User experience parity before A/B testing

When preparing the site for A/B testing, before serving real user search or recommendations traffic to Vertex AI Search for commerce with the correct experiment ID mapping, it's important to note the user interface and experience parity between the commerce site, with the legacy search backend used as the control and the site with the Vertex AI Search for commerce backend.

Given a search query, between the search result pages for the control search backend and the Vertex AI Search for commerce backend, some things to test for include:

Are the same number of facets showing up? If not, review the facet specs and attribute settings in Vertex AI Search for commerce . This is important because facets help users filter and navigate to the preferred product from the initial search results. Better and more meaningful facets mean users take less time to find the preferred product. Otherwise, it results in more clicks and scrolling, which might hamper the search experience and ultimately affect the conversion and click through rates. This might also result in search abandonment. Therefore, having similar facets between the control and test sites means there's no unfair advantage to users when searching for products between one over the other.

Sponsors' product placements in search results is often a common feature with many ecommerce sites, and mostly the sponsors' products are not part of the organic search results. Care should be taken to make sure the placement and the products shown in the search results page between the Control site and the Test site are almost same, if not identical. If not, it results in noise getting added to the revenue performance metrics measurement, and depending on the uniqueness of the sponsored products between the Control and Test sites, the noise could be on the higher side.

Other miscellaneous user interface aspects to consider:

  • Are the price and discount information the same between control and test sites?
  • Is the autocomplete suggesting the same completions for the search query?
  • Are the facet values in the same order?
  • Are the products listed using the same style, such as in a list or a grid?

Final tips and considerations

To design a meaningful A/B experiment, keep these tips in mind:

  • Before setting up your A/B experiment, use prediction or search preview to ensure that your model is behaving as you expect.

  • Make sure that the behavior of your site is identical for the experimental group and the control group.

    Site behavior includes latency, display format, text format, page layout, image quality, and image size. There should be no discernible differences for any of these attributes between the experience of the control and experiment groups.

  • Accept and display results as they are returned from Vertex AI Search for commerce, and display them in the same order as they are returned.

    Filtering out items that are out of stock is acceptable. However, you should avoid filtering or ordering results based on your business rules.

  • If you are using search user events and include the required attribution token with them, make sure they are set up correctly. See the documentation for Attribution tokens.

  • Make sure that the serving config you provide when you request recommendations or search results matches your intention for that recommendation or search result, and the location where you display the results.

    When you use recommendations, the serving config affects how models are trained and therefore what products are recommended. Learn more.

  • If you are comparing an existing solution with Vertex AI Search for commerce, keep the experience of the control group strictly segregated from the experience of the experimental group.

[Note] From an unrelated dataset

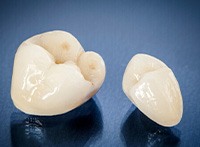 A close-up of two ceramic dental crowns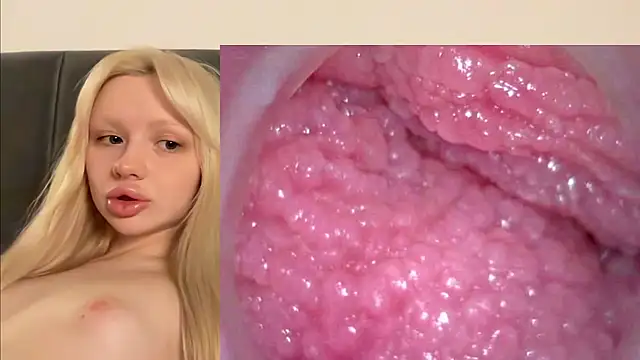 Jannemary - Show cervix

    If the control solution does not provide a recommendation or search result, don't provide one from Vertex AI Search for commerce in the control pages. Doing so skews your test results.

    Make sure your users don't switch between the control group and the experiment group. This is especially important within the same session, but also recommended across sessions. This improves experiment performance and helps you get statistically significant A/B test results sooner.